§ Records supplied:
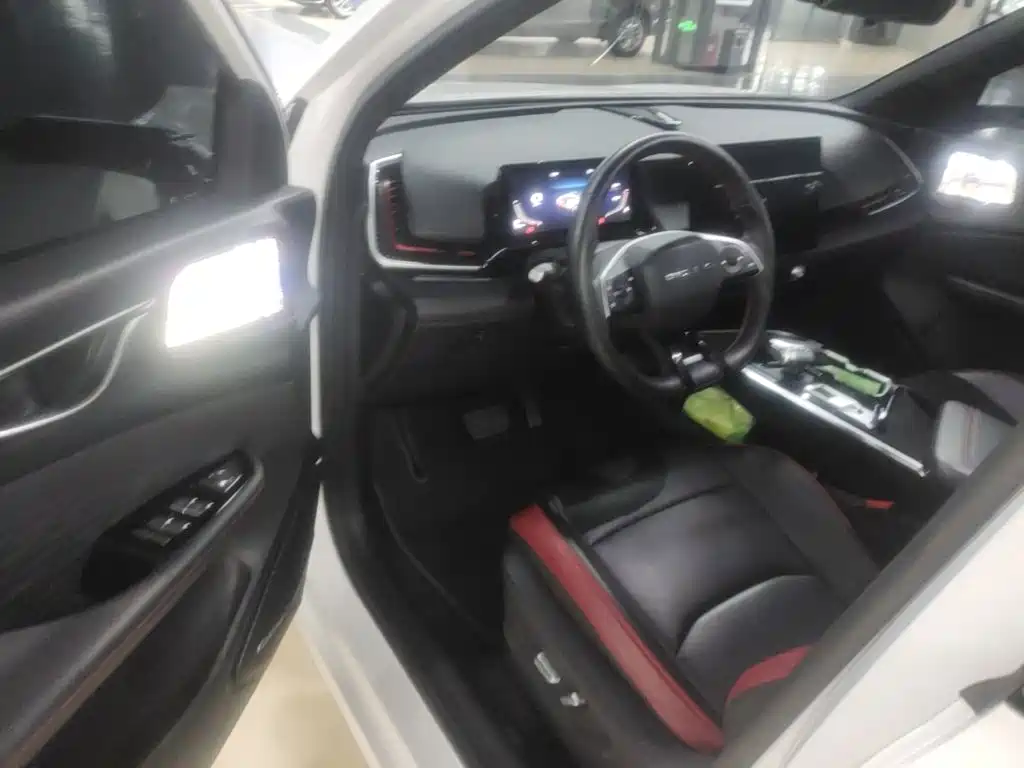 BAIC Mofang — миниатюра 16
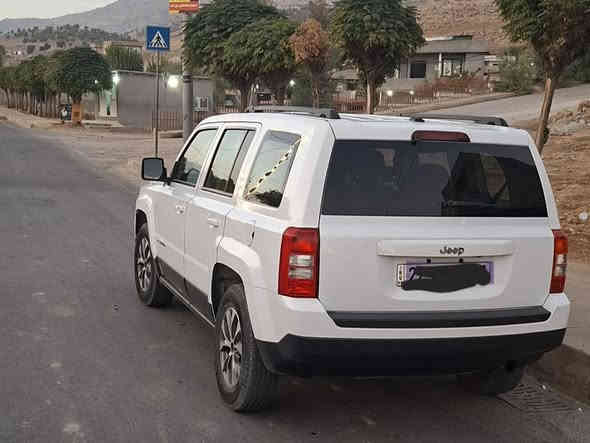 🌹بەناوی خودای گەورەو میهرەبان🌹

 🚗جێب پاتریۆت  مۆدیل ۲۰۱۷ 

مەکینە گەورە  24
🛠گێرو مەکینە بەشەرت
🔵🔴⚫بۆیاغ چوار پارچەی هەیە  

ڕەقەم هەولێر 

ماشاء الڵە سەیارەیەکی زۆر جوان و مەزبوتە

💰بۆ نرخی خاڵێک لەکۆمێنت بنوسە ڕاستەوخۆ نرخت پێدەگات📥

ژمارەی خاوەنی 👈👈🏽 ***********
شوێن// چۆمان
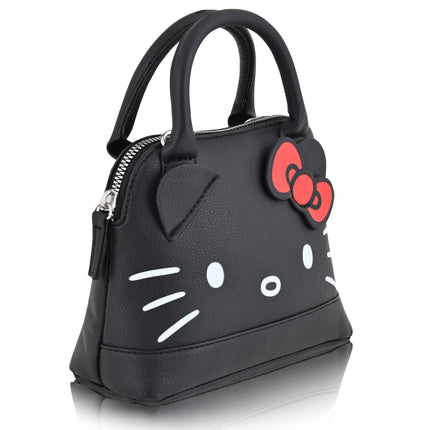 Sanrio  Purse Crossbody Handbag for Women | Leather Shoulder Bag |  Accessories for Girls, Boys, Adults, Unisex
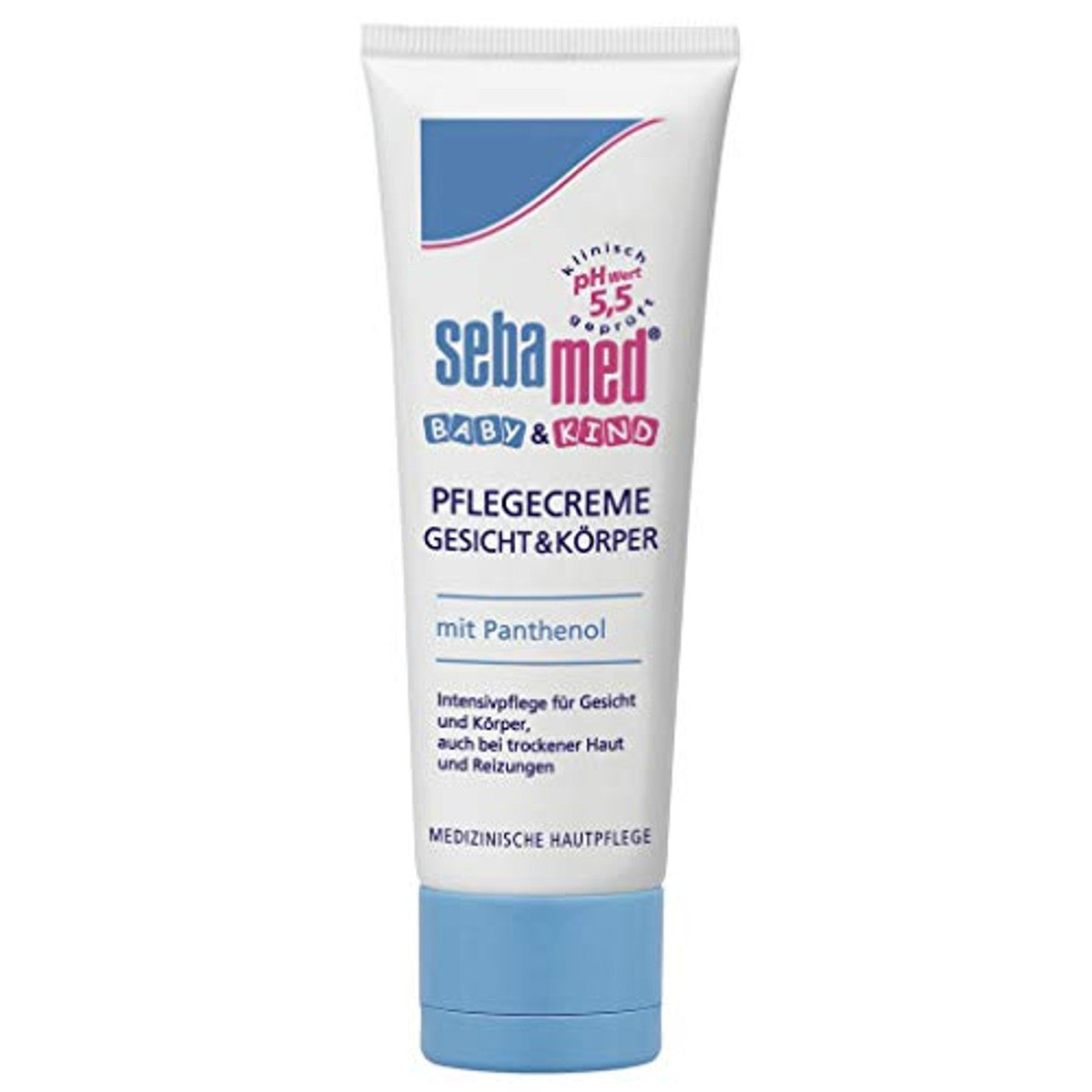 Sebamed Verzorgende crème Baby & Kind 75 ml (set van 2) – Sebamed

§ Task to carry out: Both the line containing "خودای گەورەو میهرەبان🌹" and the last line of the records above belong in the exact copy, along with every line between them; pictures do not.

§ Expected output:
 🌹بەناوی خودای گەورەو میهرەبان🌹

 🚗جێب پاتریۆت  مۆدیل ۲۰۱۷ 

مەکینە گەورە  24
🛠گێرو مەکینە بەشەرت
🔵🔴⚫بۆیاغ چوار پارچەی هەیە  

ڕەقەم هەولێر 

ماشاء الڵە سەیارەیەکی زۆر جوان و مەزبوتە

💰بۆ نرخی خاڵێک لەکۆمێنت بنوسە ڕاستەوخۆ نرخت پێدەگات📥

ژمارەی خاوەنی 👈👈🏽 ***********
شوێن// چۆمان
 Sanrio  Purse Crossbody Handbag for Women | Leather Shoulder Bag |  Accessories for Girls, Boys, Adults, Unisex
 Sebamed Verzorgende crème Baby & Kind 75 ml (set van 2) – Sebamed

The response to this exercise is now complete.